Security Whitepaper
Executive Summary
HatiData provides enterprise-grade data warehouse capabilities with a security-first architecture. All data processing occurs within the customer's VPC, ensuring complete data sovereignty and zero data egress. This whitepaper details the seven security pillars that underpin every HatiData deployment.
1. Network Architecture
1.1 VPC Isolation
HatiData deploys the query engine entirely inside the customer's VPC. This architecture guarantees that data never traverses the public internet and never reaches HatiData-managed infrastructure.
- No public IP addresses on any resource (EC2 instances, NLB, VPC endpoints)

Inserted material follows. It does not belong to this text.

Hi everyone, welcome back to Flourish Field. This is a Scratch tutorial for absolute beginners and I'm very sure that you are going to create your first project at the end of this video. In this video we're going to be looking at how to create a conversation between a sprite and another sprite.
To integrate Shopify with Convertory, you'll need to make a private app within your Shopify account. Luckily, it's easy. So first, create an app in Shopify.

- All communication via AWS PrivateLink between data plane and control plane
- VPC Gateway Endpoint for S3 access (no internet gateway required)

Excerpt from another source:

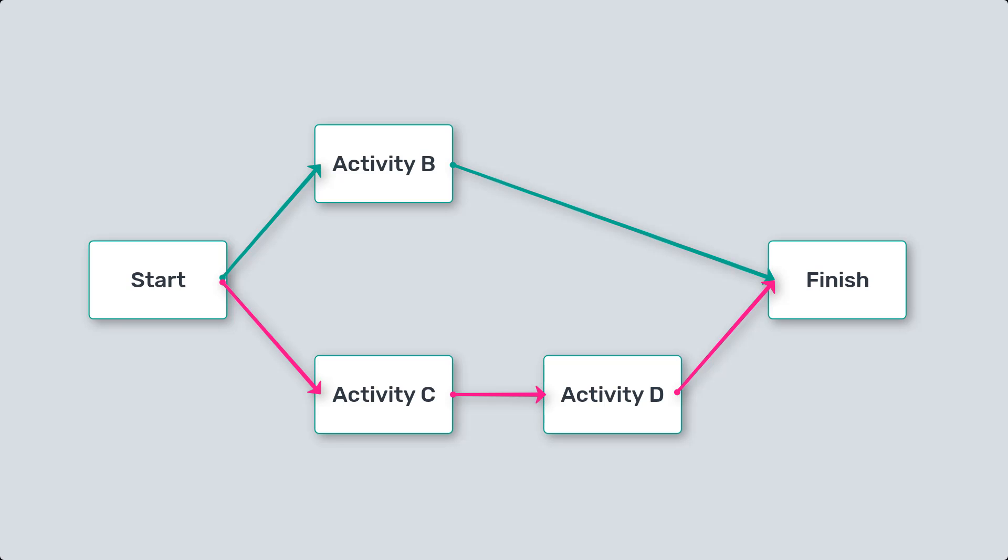The critical chain approach recognizes that resource constraints, such as limited availability or fluctuations in resource availability, can impact project timelines. By prioritizing resource allocation, the critical chain aims to optimize resource utilization and minimize project delays.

- Customer selects the AWS region; all compute, caching, and audit storage remain in that region
┌───────────────────── Customer VPC ──────────────────────┐
│ │
│ ┌──────────────┐ ┌──────────────────┐ │
│ │ Application │───────►│ HatiData Proxy │ │
│ │ (your code) │ :5439 │ (DuckDB Engine) │ │
│ └──────────────┘ └────────┬─────────┘ │
│ │ │
│ ┌───────┴───────┐ │
│ │ NVMe Cache │ │
│ │ (LUKS AES-256)│ │
│ └───────┬───────┘ │
│ │ │
│ ┌───────┴───────┐ │
│ │ S3 Bucket │ │
│ │ (SSE-KMS) │ │
│ └───────────────┘ │
│ │ │
│ ┌───────────────┴──────────────┐ │
│ │ AWS PrivateLink Endpoint │ │
│ └──────────────┬───────────────┘ │
└───────────────────────────────────┼──────────────────────┘
│
┌───────────────────────────────────┼──────────────────────┐
│ HatiData VPC │ │
│ ┌──────────────┴───────────────┐ │
│ │ Control Plane (:8080) │ │
│ │ Auth, Billing, Policy Engine │ │
│ └──────────────────────────────┘ │
└──────────────────────────────────────────────────────────┘
1.2 Network Controls
- Security groups with allowlist-only ingress rules
- Port 5439 (Postgres wire protocol) restricted to customer-approved CIDR ranges
- Port 9090 (Prometheus metrics) restricted to monitoring infrastructure
- No internet gateway required for HatiData operation
- AWS Shield Standard included; NLB provides built-in connection-level DDoS protection
- Configurable concurrency limits (default: 100 concurrent queries)
2. Encryption
2.1 At Rest
All data at rest is encrypted with customer-controlled keys:
| Layer | Algorithm | Key Management |
|---|---|---|
| S3 data | AES-256 (SSE-KMS) | Customer-Managed Key (CMEK) via AWS KMS |
| NVMe cache | AES-256-XTS (LUKS) | KMS-derived key, provisioned at instance boot |
| Audit logs | AES-256 (SSE-KMS) | Separate audit KMS key |
- CMEK is required -- there is no option to use AWS-managed keys
- Automatic annual key rotation enabled by default via AWS KMS
- Customers can trigger manual key rotation at any time
- NVMe LUKS partition is cryptographically erased on instance termination via ASG lifecycle hook
2.2 In Transit
- TLS 1.3 mandatory -- no fallback to TLS 1.2, no downgrade negotiation
- Supported cipher suites:
| Cipher Suite | Key Exchange | Authentication |
|---|---|---|
TLS_AES_256_GCM_SHA384 | ECDHE | RSA / ECDSA |
TLS_AES_128_GCM_SHA256 | ECDHE | RSA / ECDSA |
TLS_CHACHA20_POLY1305_SHA256 | ECDHE | RSA / ECDSA |
- Internal communication between proxy components uses mTLS where applicable
3. Access Control
3.1 RBAC
Six predefined roles with least-privilege permissions:
| Role | Query | Manage Policies | Manage Users | Billing | Audit Logs |
|---|---|---|---|---|---|
| Owner | Yes | Yes | Yes | Yes | Yes |
| Admin | Yes | Yes | Yes | No | Yes |
| Analyst | Yes | No | No | No | No |
| Auditor | No | No | No | No | Yes |
| Developer | Yes | No | No | No | No |
| ServiceAccount | Yes | No | No | No | No |
3.2 API Keys
- Format:
hd_live_[32 alphanumeric](production) /hd_test_[32 alphanumeric](staging) - Storage: Argon2id hash with per-key salt. Plaintext shown once at creation.
- Scoping: 22 granular
ApiScopevariants bound to specific environments - IP allowlisting: Keys restricted to approved CIDR ranges
- Rotation: Automatic with 72-hour grace period (old and new keys both valid)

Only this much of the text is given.